This is the mail archive of the
mailing list for the GCC project.
Re: Query on UTF-32 encodings for letters
>>>>> "Robert" == Robert Dewar <email@example.com> writes:
Robert> Paul Koning wrote:
>> Then take i, which upcases to I with dot. Turkish has i with and
>> without dot, and the dot is preserved when you change case (in
>> either direction).
Robert> Yes, and that's fine, both lower case i with dot and lower
Robert> case i without dot fold upper case to capital I (without
Robert> dot), and so all three are equivalent in identifiers.
That's wrong for Turkish.
Robert> There is no upper case I with dot, so I have no idea what you
Robert> mean by saying the dot is preserved.

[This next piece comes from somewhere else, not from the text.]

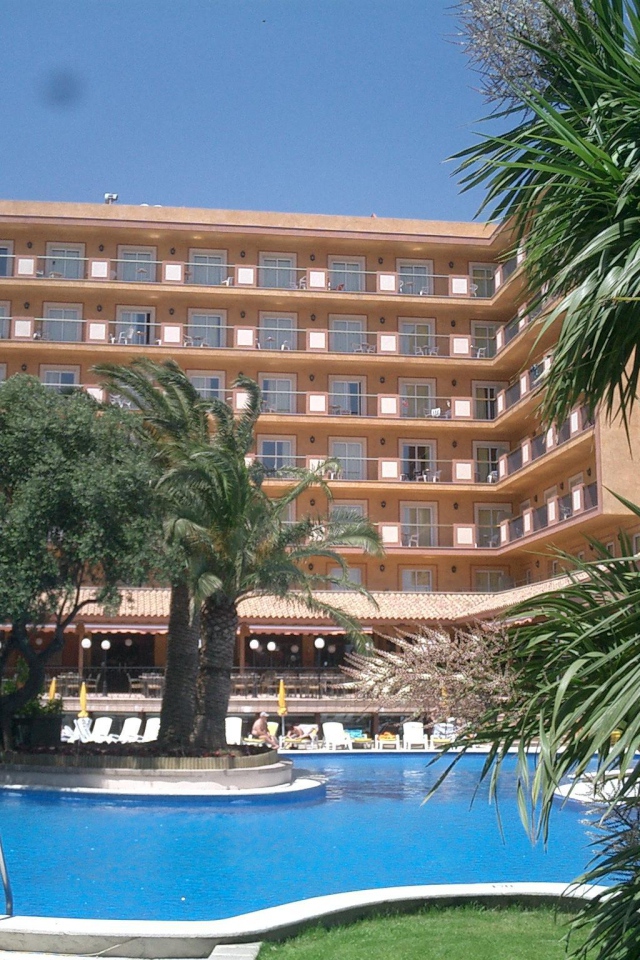 Отдых в отеле на курорте Мирамар Круести, Франция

The three characters in
Robert> question are:
Robert> 0049;LATIN CAPITAL LETTER I;Lu;0;L;;;;;N;;;;0069;
Robert> 0069;LATIN SMALL LETTER I;Ll;0;L;;;;;N;;;0049;;0049
Robert> 0131;LATIN SMALL LETTER DOTLESS I;Ll;0;L;;;;;N;;;0049;;
There certainly is such a thing as uppercase I with a dot, that's a
standard part of Turkish. For an example, see
section ("Ingiltere Vizeleri:" but with a dot on the first letter).
I see in the character list this entry:
I WITH DOT ABOVE, LATIN CAPITAL LETTER 0130
That sounds like the one.